Tra gli elementi più sorprendenti del film, infatti, vi è proprio l’inattesa felicità di tanti residenti in un luogo così degradato. “Ed è un elemento assolutamente naturale - spiega Montesarchio - e non provocato dalla mia presenza: molti di loro sono davvero felici, anche se non godono di servizi essenziali come la corrente elettrica o l’acqua corrente, che da abusivi si sono procurati in modo abusivo. D’altra parte, come spiega bene un vulcanico personaggio soprannominato ‘o ‘mericano, di fronte a loro c’è il mare, a poche centinaia di metri il centro sportivo del Napoli, ognuno vive in famiglie solidissime e, cosa molto importante per chi si trova in stato d’indigenza, non esistendo per lo Stato nessuno di loro paga le tasse”.
"Ritratti abusivi" rende le vite degli abitanti del Parco Saraceno materia narrativa incandescente, arricchita da una visionarietà di sguardo capace di caricare quelle quotidianità ai margini di ulteriore senso puramente cinematografico, senza mai andare a discapito di un'autenticità "bigger than life" proprio perché assolutamente realistica. Se non fosse un documentario, il film di Montesarchio sarebbe un apologo fantascientifico sulle transmutazioni della società occidentale all'epoca di una globalizzazione che continua a rimasticare e vomitare se stessa abbandonando al loro destino intere parti di mondo "abusive" e, dunque, di fatto non esistenti. Guardando "Ritratti abusivi" si piange, si ride, si resta sbigottiti, si prova rabbia, ci s'innamora. Insomma, ci si sente vivi, come sempre dovrebbe essere di fronte alla potenza immaginifica del buon cinema.
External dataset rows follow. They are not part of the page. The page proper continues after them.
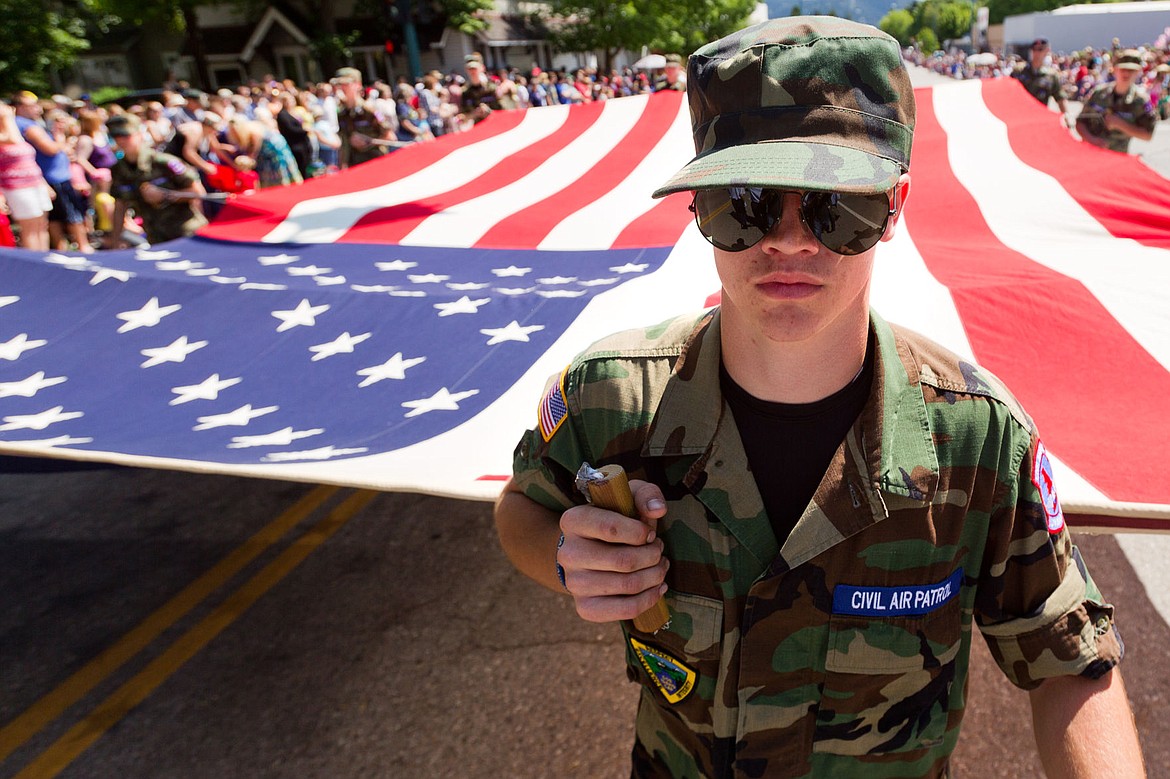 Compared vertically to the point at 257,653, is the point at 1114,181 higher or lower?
higher

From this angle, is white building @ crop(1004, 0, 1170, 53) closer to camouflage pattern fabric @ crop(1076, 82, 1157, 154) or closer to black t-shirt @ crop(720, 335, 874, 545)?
camouflage pattern fabric @ crop(1076, 82, 1157, 154)

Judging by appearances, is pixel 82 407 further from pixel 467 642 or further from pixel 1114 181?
pixel 1114 181

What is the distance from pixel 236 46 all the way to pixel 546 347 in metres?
39.7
Il film si apre e si chiude con un raro filmato pubblicitario anni Sessanta di Villaggio Coppola, reso poi inquietante e quasi orwelliano (a proposito di science fiction...) dal futuro destino di degrado e abbandono dell’area e, dunque, dal concreto "farsi" del documentario. “Di quel filmato - conclude il regista - esiste un’unica copia in pellicola, conservata dall’esercente del locale cinema Bristol. Quando ho deciso di usarlo lui ne è stato felice, perché mi ha detto che così avrei salvato la memoria di quelle immagini che, altrimenti, sarebbe andata perduta. Lo stesso si può dire per l’umanità che vive in questa terra di frontiera sconosciuta ai più, che ho provato a restituire attraverso autentici ritratti di ciascuno, dichiarati fin dal titolo, facendoli parlare direttamente allo spettatore per raccontare le loro verità senza filtri né sovrastrutture. E spero che, dopo il successo veneziano di “Sacro Gra”, il documentario possa conquistare sempre più spazio anche nei cinema, perché sono sicuro che, pure in Italia, esistono tanti spettatori desiderosi di confrontarsi con film capaci di raccontare il reale”.